Risposta. Ciò, non è solo quanto si spera di poter effettivamente realizzare, ma è l’esigenza che ha animato, da sempre, le nostre intenzioni. Ognuno di noi ha alle spalle una storia personale, scandita dalla passione, non semplicemente intellettuale, per determinati autori, filosofie, e “testi sacri”, i più disparati e diversi. Si tratta, appunto, di far prosperare il proprio dato esistenziale e connotativo, in un campo più vasto, dove si ponga in congiunzione con altri vissuti, scuole di pensiero, non per giungere a uno sterile eclettismo, ma per riconquistare, attraverso la personalità “matura”, egemonica, di cui dite nella domanda, un orizzonte più vasto. Di esso non bisogna bearsi contemplativamente, ma è necessario tornare a farne il luogo in cui esercitare quelle qualità virtuose che, ancora con Aristotele, facevano dire che, per l’uomo ben nato: “Felicità è agire”. Per questo, credo di poter sostenere che i primi aderenti alla “Nuova Oggettività”, hanno visto in questo movimento nascente la possibilità di potersi porre al servizio di una comunità, nella speranza di un Nuovo Inizio.
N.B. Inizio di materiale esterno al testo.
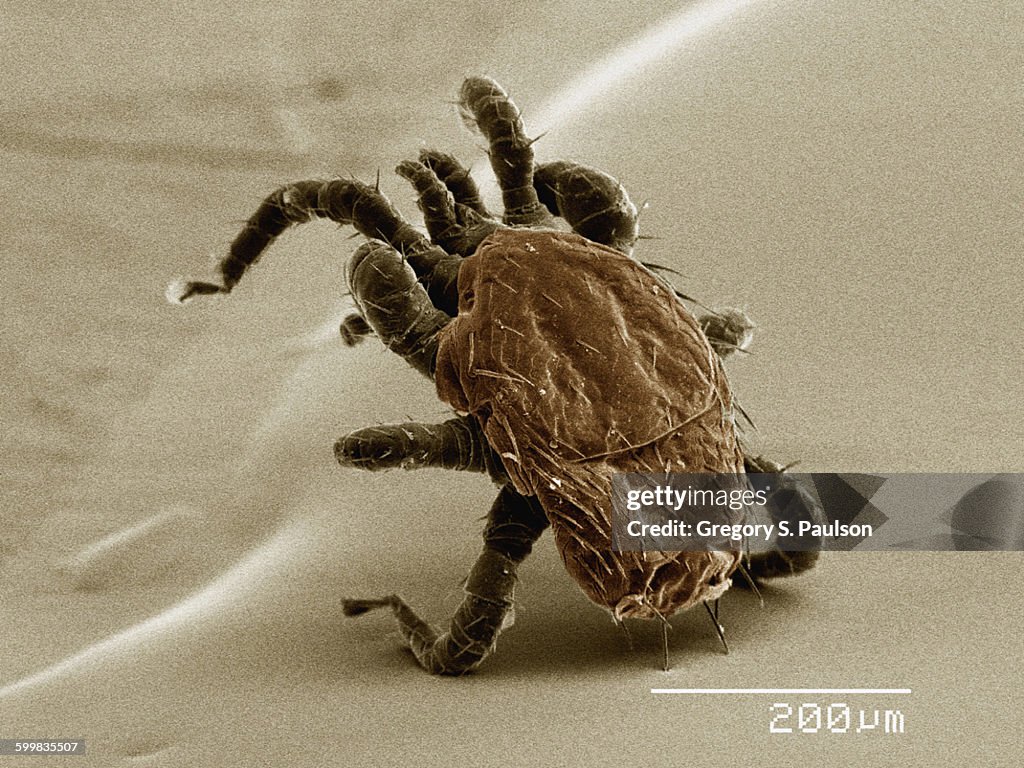 Coloured SEM of ectoparasitic mite collected from bat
Domanda: Nella pratica delle adesioni in fieri alla “Nuova Oggettività” si riscontra “fortunatamente” (vedi domande sopra) una incongruità evidente rispetto al solo piano cosiddetto ideologico... l’adesione avviene più per un “mutamento di cuore” “riconoscimento del cuore”, come suggeriva ed auspicava Lami, e come è stato sempre nella nostra tradizione creativa e magistrale, che per un semplice allineamento di idee... ciò è dimostrato dai nomi e dalle storie personali... ?

Risposta: Assolutamente e fortunatamente si. Il Libro-Manifesto, al momento della sua pubblicazione, metterà in luce, innanzitutto la sua funzione registrativa. Al medesimo tempo, il lettore prenderà atto dell’elevato livello di partecipazione emotiva degli autori. Ciò, evidenzia il loro “mutamento di cuore”, la volontà di testimonianza che ci hanno fornito. Con il che, molti testi hanno assunto quel carattere fondamentale di “comunicazione d’esistenza” che, come diceva Kierkegaard, ha come obiettivo un conseguente“poter agire”. Naturalmente, su un piano alto e propositivo, quello delle visioni del mondo.
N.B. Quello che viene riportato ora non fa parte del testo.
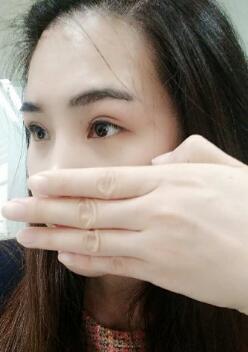 割雙眼皮半個月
Domanda: E se - paradossalmente – forse riflesso ancora in-visibile, infrarosso della cosiddetta società liquida o dei simulacri - oggi il cosiddetto Cuore... fosse proprio già un metodo o contrometodo, ovvero il pacemaker pulsante per una... “E” sempre in progress, oltre l'eterno “Ma”, che sterilizza la parola libera, il pensiero-azione?
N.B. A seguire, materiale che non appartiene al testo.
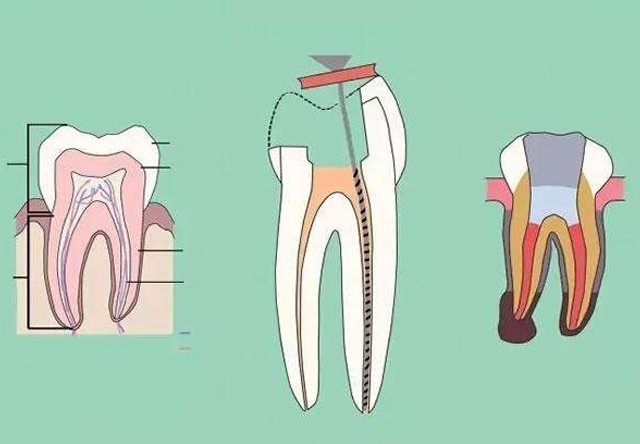 澳朗口腔根管治療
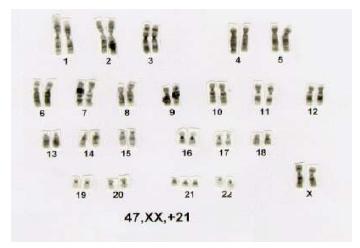 Normal Cromossomo 13 (azul) e 21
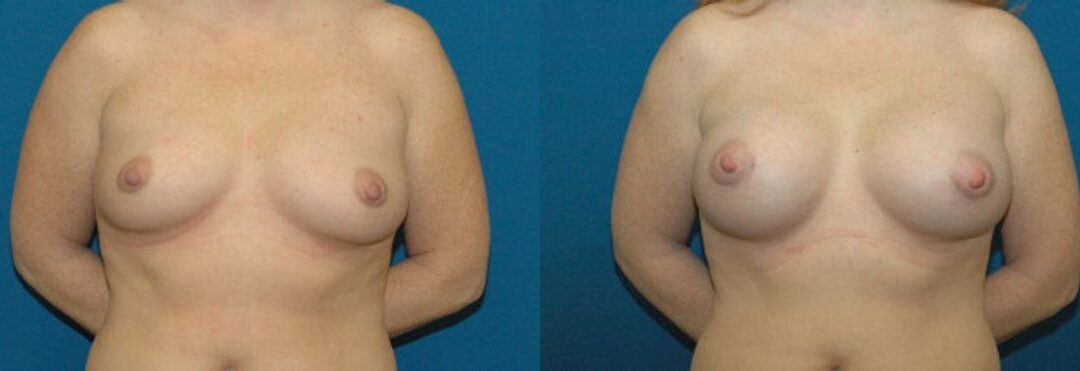 Breast Implant #32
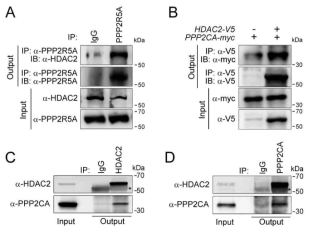 HDAC2는 Phosphatase인 PP2A와 결합함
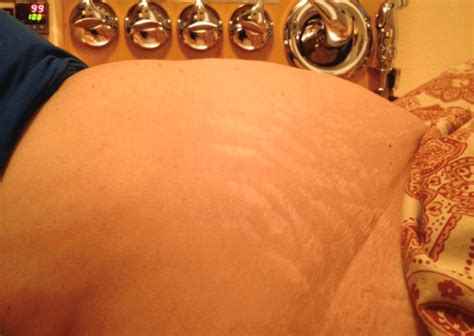 Colonic Hydrotherapy In Fort Smith Ar Gallery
Risposta: Perché si torni a porre “in forma” il mondo, il pensiero-azione, deve recuperare quel “baleno”, quel centrarsi su un assoluto sentire e volere, che è totalmente assente dalla società liquida. Esso, inevitabilmente, prevede un recupero di “Cuore”, di cuore come centro di una personalità orientata e costruita attorno alla dimensione noetica. Solo una personalità siffatta che, in ultimo, è quella sorta dall’ “esperienza classica della ragione”, può oggi, tendere imboscate alla storia, sorprenderla, scoprire un’altra modernità e attraverso la Nuova Oggettività tornare a porre in congiunzione popolo, partecipazione e destino. Compito questo ineludibile e che, per definizione, è sempre necessariamente inconcluso. Appunto, un “in fieri” eterno.